Data extract
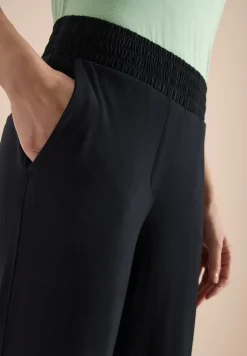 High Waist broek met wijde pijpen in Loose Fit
--
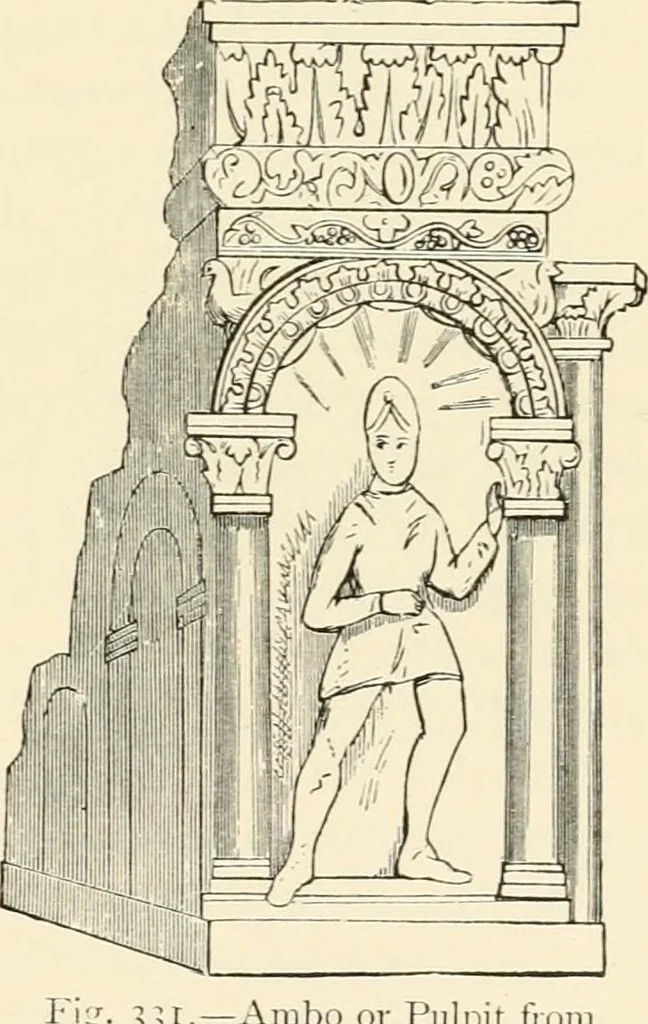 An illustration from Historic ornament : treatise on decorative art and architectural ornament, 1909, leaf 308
--
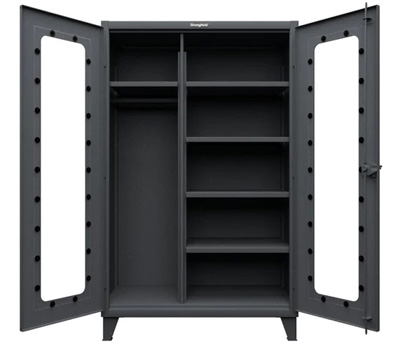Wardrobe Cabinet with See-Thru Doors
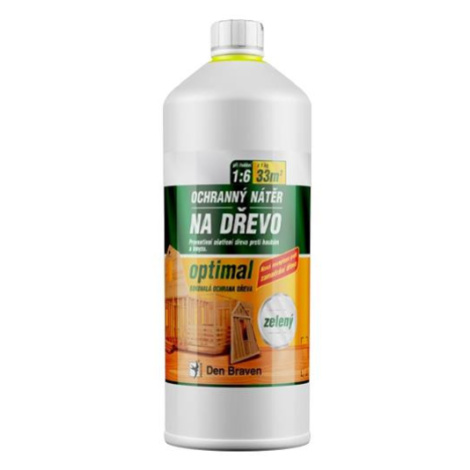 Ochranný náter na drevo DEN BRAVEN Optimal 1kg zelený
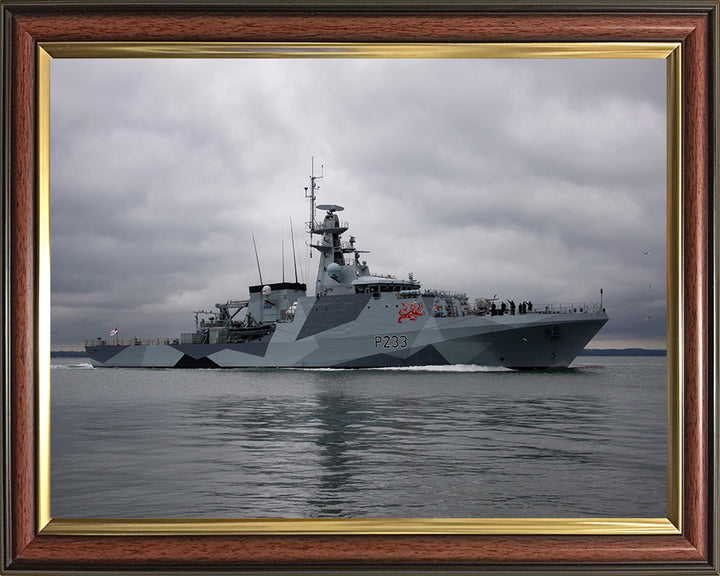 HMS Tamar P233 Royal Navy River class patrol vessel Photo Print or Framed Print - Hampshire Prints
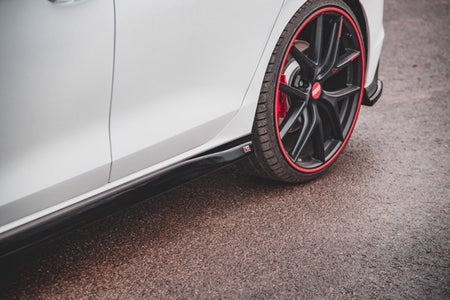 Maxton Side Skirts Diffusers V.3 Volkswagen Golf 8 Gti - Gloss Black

Assigned task
Beginning with the line above that contains "HMS Tamar P233" and ending with the line that contains "Maxton Side Skirts", quote each line exactly, keeping out the pictures.

Solution
 HMS Tamar P233 Royal Navy River class patrol vessel Photo Print or Framed Print - Hampshire Prints
 Maxton Side Skirts Diffusers V.3 Volkswagen Golf 8 Gti - Gloss Black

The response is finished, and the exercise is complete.